# Puppy Music Video Series



## Rocky (Dec 28, 2006)

Oh, I love it!
Thanks for sharing.


----------



## Molly's Mom (Jan 1, 2007)

These are fantastic. Thanks so much for sharing them. I think Snuggle Puppy was my favorite.


----------



## LaurJen (Aug 10, 2006)

Oh that first one was simply fabulous!! Now I'm off to look at all the rest!


----------



## njb (Oct 5, 2006)

wow! impressive! I really enjoyed them all--thanks for sharing them with us--your dogs have a great life!


----------



## trainwrecka (Oct 26, 2006)

thanks for the kind words! my husband, nick, and I only have 2 goldens (ruby and mayzy). all the other dogs belong to family members or friends.


----------



## LaurJen (Aug 10, 2006)

They're great! Do you do this for a living?


----------



## desilu (Nov 2, 2006)

These were fabulous! I love, love, love the first one. I need a d-o-g-oh!! I'm gonna be huming that all night. Thanks for putting a smile on my face.


----------



## Booker (Nov 14, 2006)

That was fantastic! What a great idea. It's not hard to tell your dogs are loved and happy, thanks for making my day!


----------



## Joe (Apr 9, 2005)

I loved the video, your dogs, music, everything so well put together. Thanks for sharing with us. Joe


----------



## Denali and Gretzky's Mom (Jun 26, 2006)

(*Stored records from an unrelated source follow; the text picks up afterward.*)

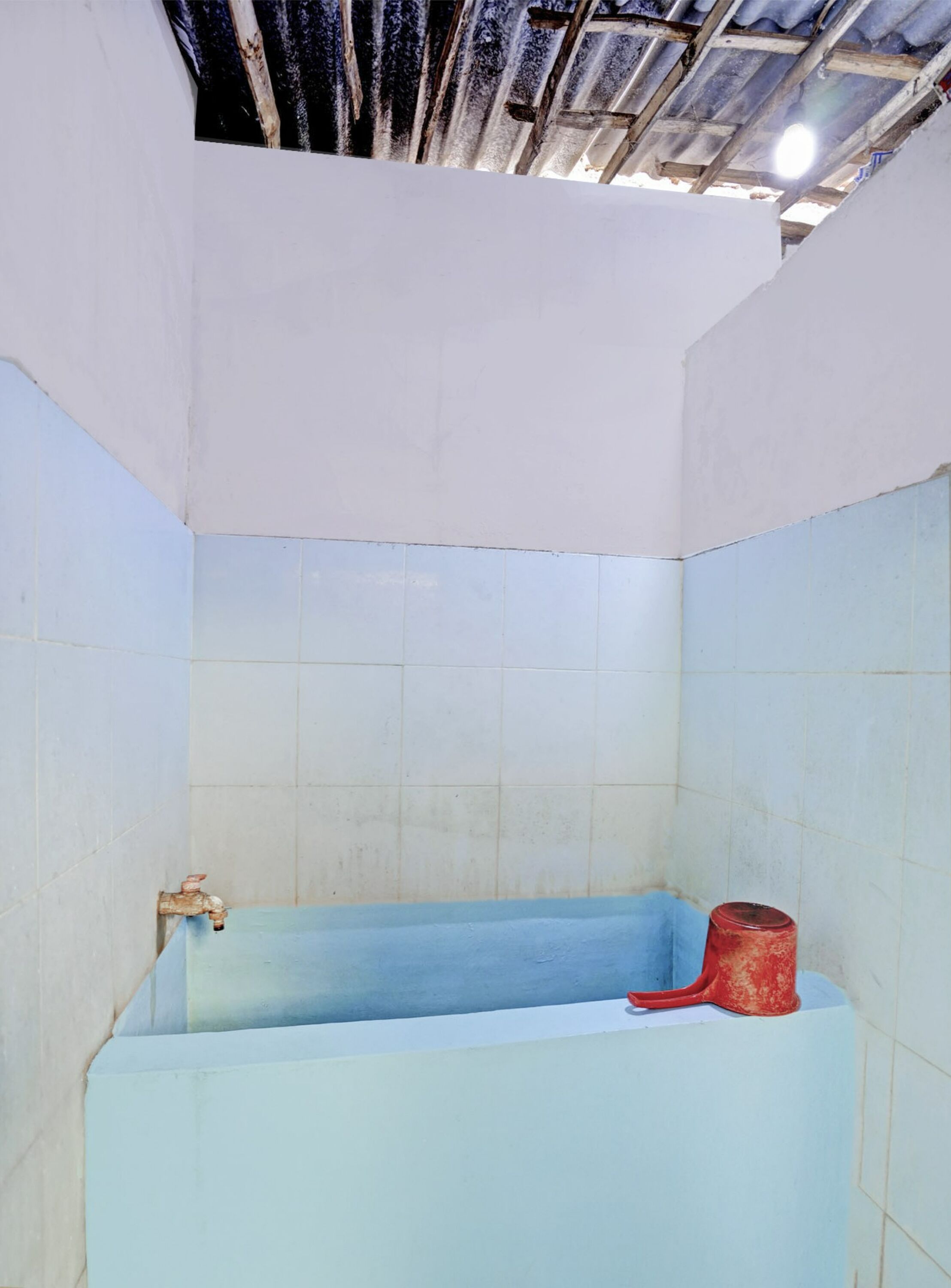 Dobbeltrom – basic | Bad | Dusj og såpe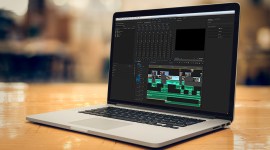 Editing Audio with the Essential Sound Panel in Adobe Premiere Pro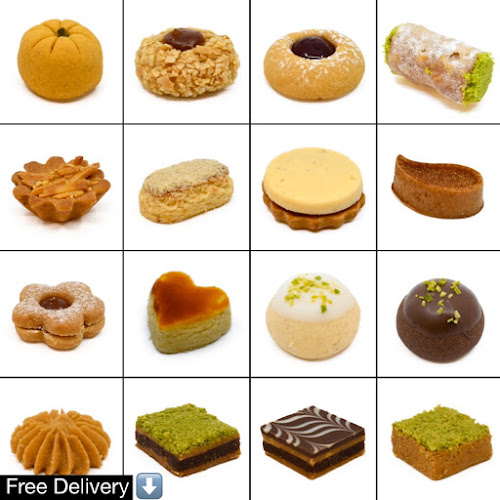 Building # 6, Al Yasmin Building - Industrial Area 6 - Industrial Area - Sharjah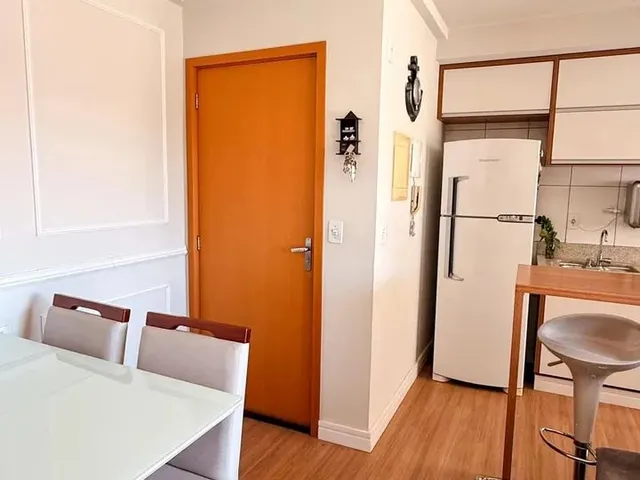 Imagem 14: Apartamento Pq Amazônia Apartamento com 2 Quarto(S) e 1 Banheiro(S) À Venda, 55.00 Por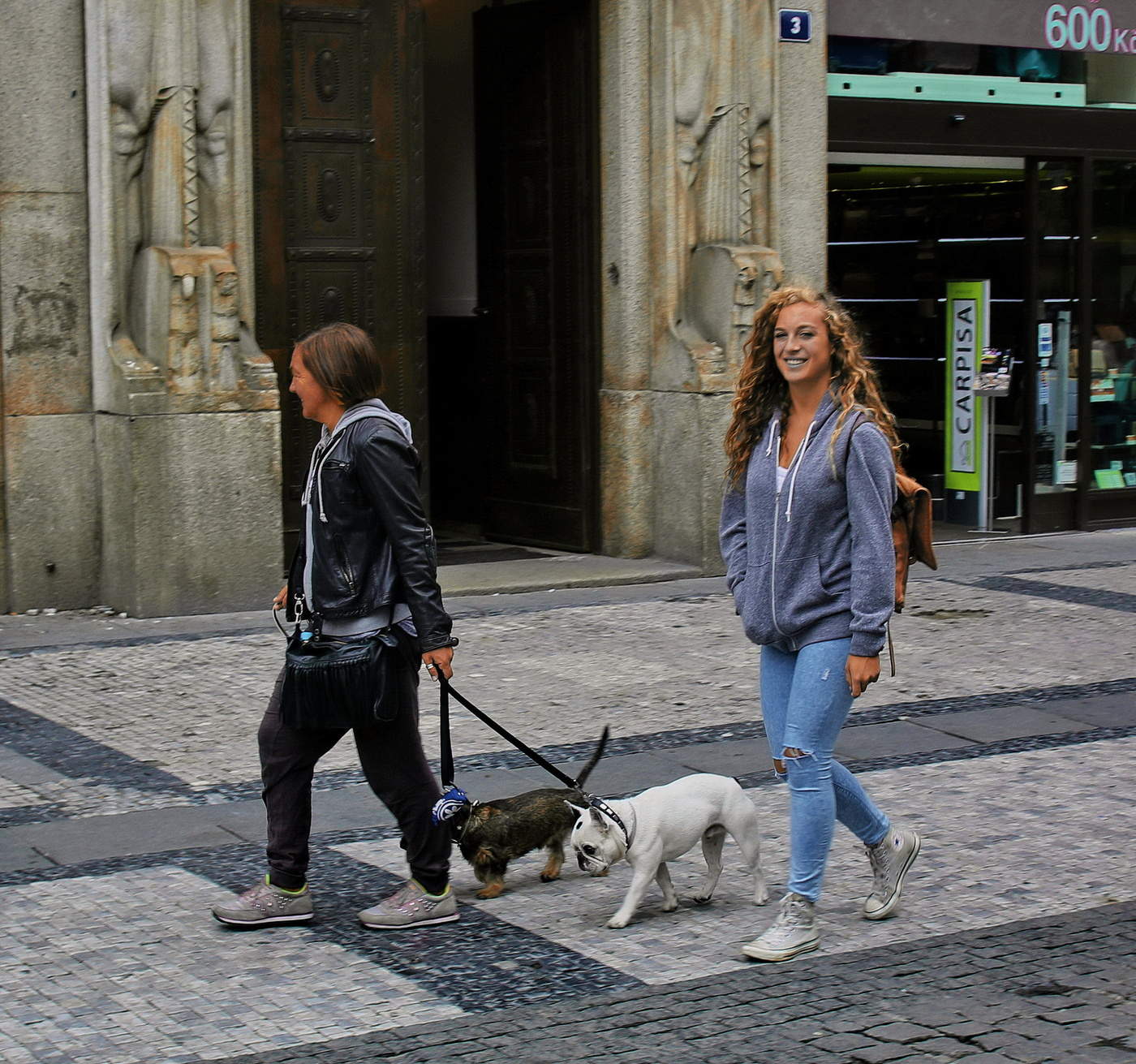 Die unerträgliche Leichtigkeit des Seins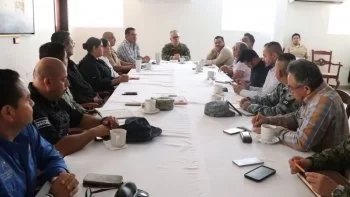 Avanza fumigación contra el dengue en Los Cabos con 800 hectáreas cubiertas
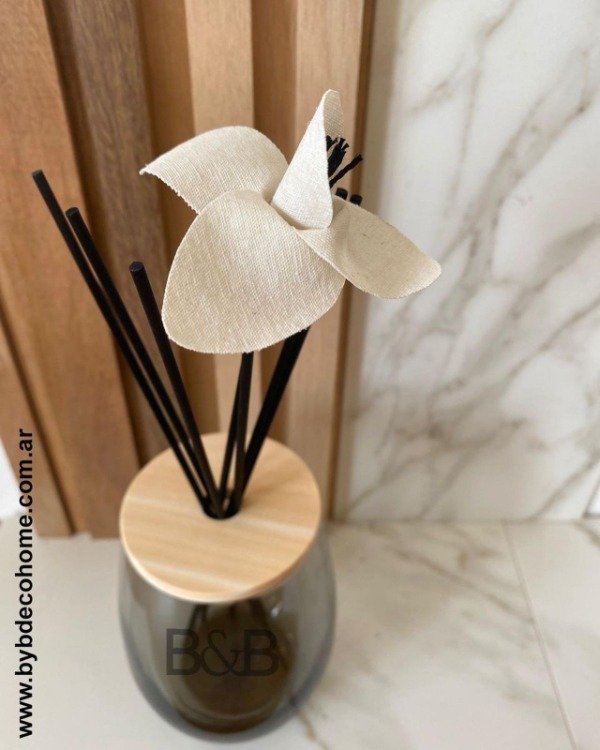 Producto - FLOR DIFUSORA - 3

I loved all your videos!!! They are so well put together. Who sings the music? I would love to have that in my music collection!

Thanks for sharing them!


----------



## Katiesmommy (Sep 10, 2006)

Great videos....thanks for sharing


----------



## ontariogolden (Oct 24, 2006)

Thanks for posting those! All of your dogs are gorgeous. I really enjoyed watching them!!


----------



## vicki L (Jan 18, 2007)

That is too cool! I sat here w/a smile on my face!
Nice way to start the day!


----------



## BridiesMum (Jan 30, 2007)

trainwrecka said:


> I made 7 music videos of the dogs in my life (4 goldens, 4 labs, 2 dachsunds, and a few more).
> 
> 
> 
> ...


 I`ve just watched your video of all your dogs , absolutely brilliant, you must be a very good trainer to keep all of them under control. They all look as though they were having a great time. Well Done
Jackie from the UK
:wavey:


----------



## PeggyK (Apr 16, 2005)

What a fabulous video-I see earning potential for you in this field. I loved the first one-best dog video that I've seen!!!


----------



## jeffreyzone (Feb 8, 2006)

This is an excellent video! Five stars aren't enough!!! Thanks for sharing. You have wonderful dogs.


----------